By  Mark Sutton Published  November 15, 2011

Fujitsu continues to head the list of top performing supercomputers in the world, according to the latest TOP500 List.

The K Computer system, built by Fujitsu for Japan's RIKEN Advanced Institute for Computational Science (AICS) research lab is the leading system on the list, and the only system to have hit the 10 petaflops mark, equivalent to 10 quadrillion calculations per second.

The ranking, which is based on the Linpack Fortran benchmark test, shows no change in the top ten supercomputing systems worldwide, with Japan, China, the USA and France leading the way.

The K Computer system, which is based on Fujitsu's eight-core Sparc64-VIIIfx processor, is four times as powerful as its nearest competitor The system has recorded a sustained 10.51 Petaflop/s on the Linpack benchmark, using its full capacity of 705,024 SPARC64 processing cores in 864 racks.

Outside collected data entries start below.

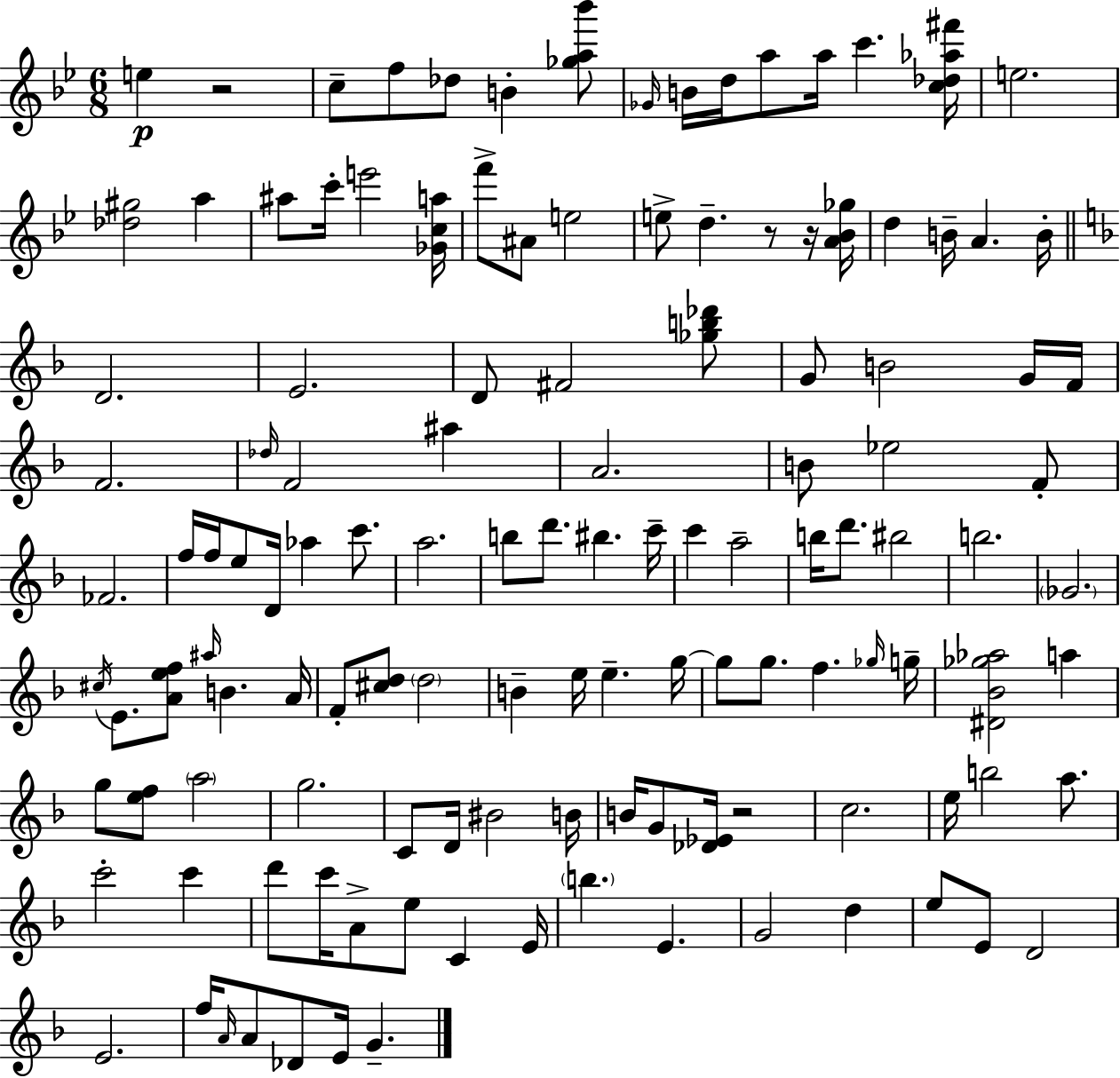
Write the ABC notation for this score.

X:1
T:Untitled
M:6/8
L:1/4
K:Gm
e z2 c/2 f/2 _d/2 B [_ga_b']/2 _G/4 B/4 d/4 a/2 a/4 c' [c_d_a^f']/4 e2 [_d^g]2 a ^a/2 c'/4 e'2 [_Gca]/4 f'/2 ^A/2 e2 e/2 d z/2 z/4 [A_B_g]/4 d B/4 A B/4 D2 E2 D/2 ^F2 [_gb_d']/2 G/2 B2 G/4 F/4 F2 _d/4 F2 ^a A2 B/2 _e2 F/2 _F2 f/4 f/4 e/2 D/4 _a c'/2 a2 b/2 d'/2 ^b c'/4 c' a2 b/4 d'/2 ^b2 b2 _G2 ^c/4 E/2 [Aef]/2 ^a/4 B A/4 F/2 [^cd]/2 d2 B e/4 e g/4 g/2 g/2 f _g/4 g/4 [^D_B_g_a]2 a g/2 [ef]/2 a2 g2 C/2 D/4 ^B2 B/4 B/4 G/2 [_D_E]/4 z2 c2 e/4 b2 a/2 c'2 c' d'/2 c'/4 A/2 e/2 C E/4 b E G2 d e/2 E/2 D2 E2 f/4 A/4 A/2 _D/2 E/4 G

The K system is also one of the most energy efficient systems on the list, using 12.66 MW of power, at 830 Mflops/watt versus the list average power efficiency of 464 Mflops/watt. The system also does not rely on graphics processors or other accelerators, unlike many competing systems.

The second placed Chinese Tianhe-1A system recorded a 2.57 Petaflop/s performance, and China is now the second largest user of super computing, behind the US, in the world, accounting for 75 systems on the list. China and Japan both had two systems in the top ten, the US five, and France one.

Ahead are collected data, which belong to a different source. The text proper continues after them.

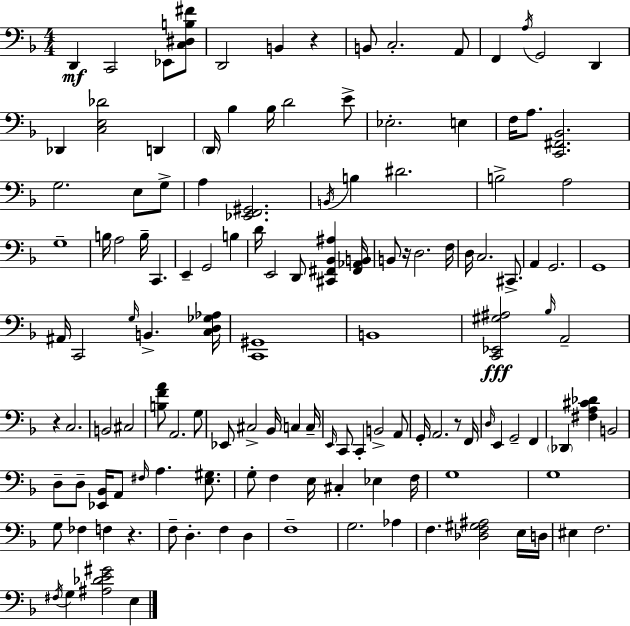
X:1
T:Untitled
M:4/4
L:1/4
K:F
D,, C,,2 _E,,/2 [C,^D,B,^F]/2 D,,2 B,, z B,,/2 C,2 A,,/2 F,, A,/4 G,,2 D,, _D,, [C,E,_D]2 D,, D,,/4 _B, _B,/4 D2 E/2 _E,2 E, F,/4 A,/2 [C,,^F,,_B,,]2 G,2 E,/2 G,/2 A, [_E,,F,,^G,,]2 B,,/4 B, ^D2 B,2 A,2 G,4 B,/4 A,2 B,/4 C,, E,, G,,2 B, D/4 E,,2 D,,/2 [^C,,^F,,_B,,^A,] [^F,,_A,,B,,]/4 B,,/2 z/4 D,2 F,/4 D,/4 C,2 ^C,,/2 A,, G,,2 G,,4 ^A,,/4 C,,2 G,/4 B,, [C,D,_G,_A,]/4 [C,,^G,,]4 B,,4 [C,,_E,,^G,^A,]2 _B,/4 A,,2 z C,2 B,,2 ^C,2 [B,FA]/2 A,,2 G,/2 _E,,/2 ^C,2 _B,,/4 C, C,/4 E,,/4 C,,/2 C,, B,,2 A,,/2 G,,/4 A,,2 z/2 F,,/4 D,/4 E,, G,,2 F,, _D,, [^F,A,^C_D] B,,2 D,/2 D,/2 [_E,,_B,,]/4 A,,/2 ^F,/4 A, [E,^G,]/2 G,/2 F, E,/4 ^C, _E, F,/4 G,4 G,4 G,/2 _F, F, z F,/2 D, F, D, F,4 G,2 _A, F, [_D,F,^G,^A,]2 E,/4 D,/4 ^E, F,2 ^F,/4 G, [^A,_DE^G]2 E,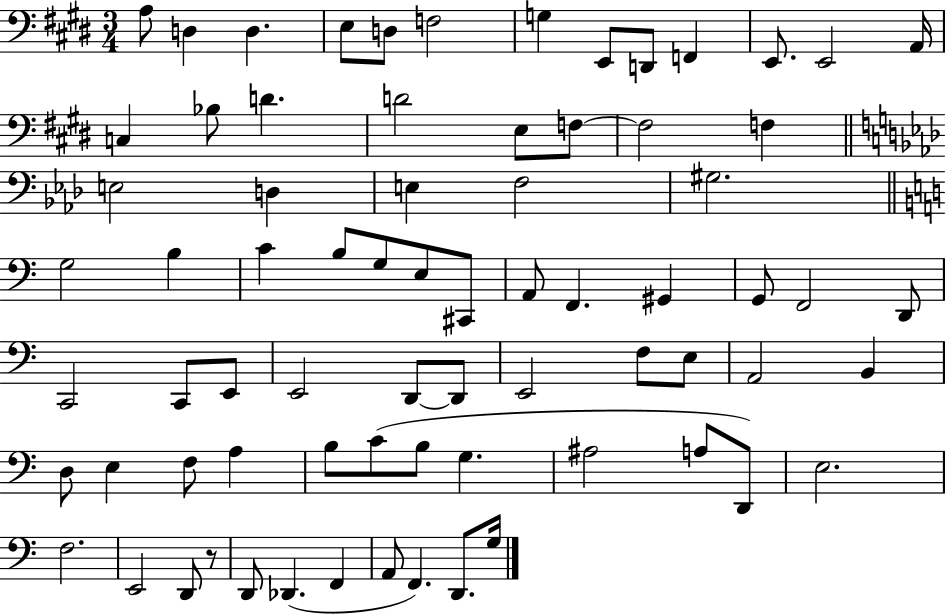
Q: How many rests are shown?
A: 1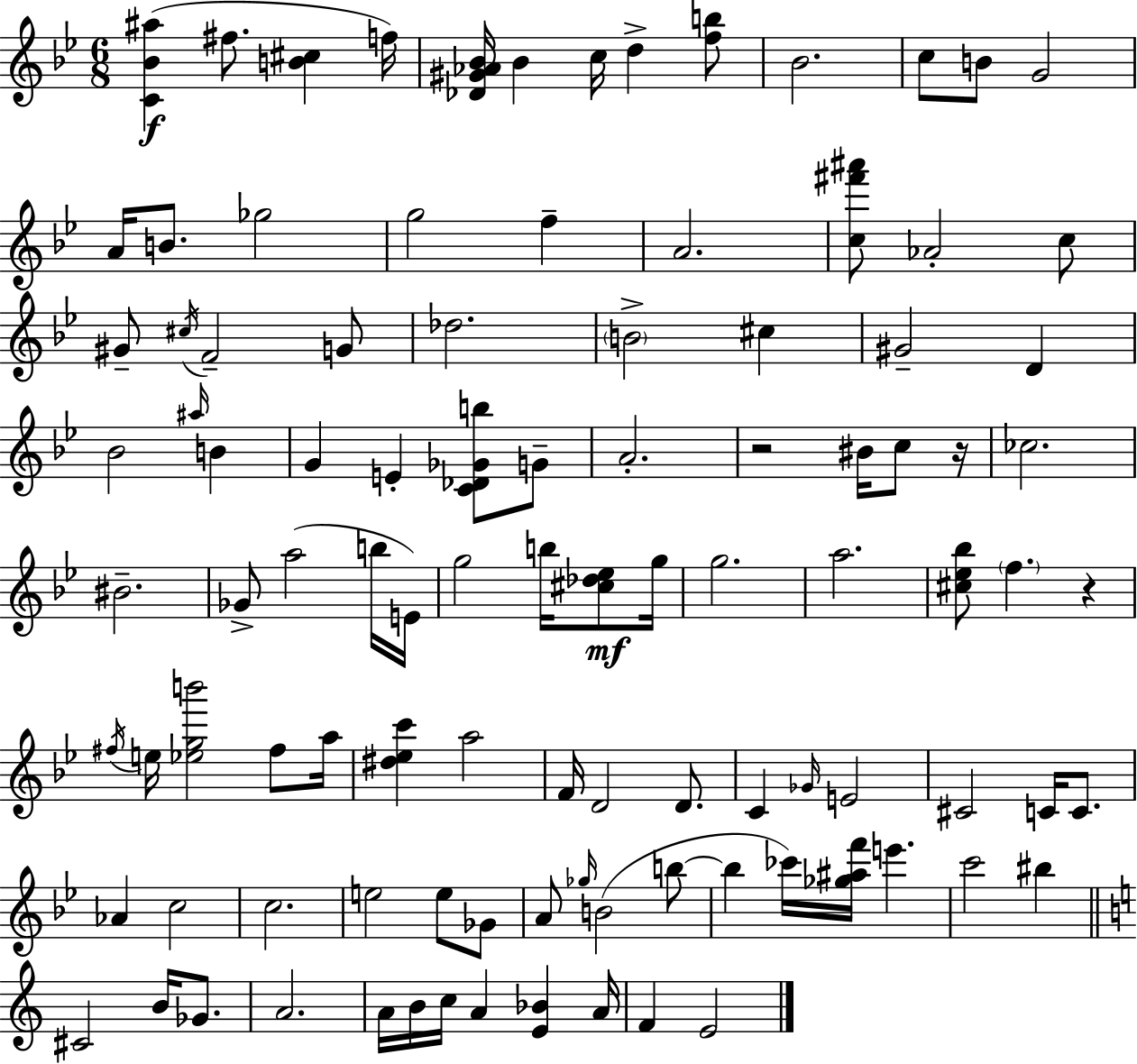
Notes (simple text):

[C4,Bb4,A#5]/q F#5/e. [B4,C#5]/q F5/s [Db4,G#4,Ab4,Bb4]/s Bb4/q C5/s D5/q [F5,B5]/e Bb4/h. C5/e B4/e G4/h A4/s B4/e. Gb5/h G5/h F5/q A4/h. [C5,F#6,A#6]/e Ab4/h C5/e G#4/e C#5/s F4/h G4/e Db5/h. B4/h C#5/q G#4/h D4/q Bb4/h A#5/s B4/q G4/q E4/q [C4,Db4,Gb4,B5]/e G4/e A4/h. R/h BIS4/s C5/e R/s CES5/h. BIS4/h. Gb4/e A5/h B5/s E4/s G5/h B5/s [C#5,Db5,Eb5]/e G5/s G5/h. A5/h. [C#5,Eb5,Bb5]/e F5/q. R/q F#5/s E5/s [Eb5,G5,B6]/h F#5/e A5/s [D#5,Eb5,C6]/q A5/h F4/s D4/h D4/e. C4/q Gb4/s E4/h C#4/h C4/s C4/e. Ab4/q C5/h C5/h. E5/h E5/e Gb4/e A4/e Gb5/s B4/h B5/e B5/q CES6/s [Gb5,A#5,F6]/s E6/q. C6/h BIS5/q C#4/h B4/s Gb4/e. A4/h. A4/s B4/s C5/s A4/q [E4,Bb4]/q A4/s F4/q E4/h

The top ten systems on the list are also the only systems to have broken the Petaflop barrier, with IBM's Roadrunner, the first system to have recorded the achievement in June 2008, now ranked 10th.

Overall, Intel has the largest share of processors used in the listed systems, accounting for 76.8% of the Top 500, while IBM is leads Fujitsu and Cray in terms of total performance. The entry level for inclusion on the list moved up to 50.9 Teraflop/s on the Linpack benchmark, compared to 39.1 Teraflop/s six months ago.

Three systems in the Middle East placed on the list, all of them in Saudi Arabia. KAUST's IBM Based Shaheen Blue Gene P system was fifty-third, with 190.9 Teraflops/s sustained performance, 222.8 peak performance. Saudi Aramco has two systems in the list, an HP cluster running at 63.4 teraflops/s sustained, ranked three hundred and fourth, and a Dell/Cluster Vision cluster running at 63.1 teraflops/s sustained, ranked on place behind.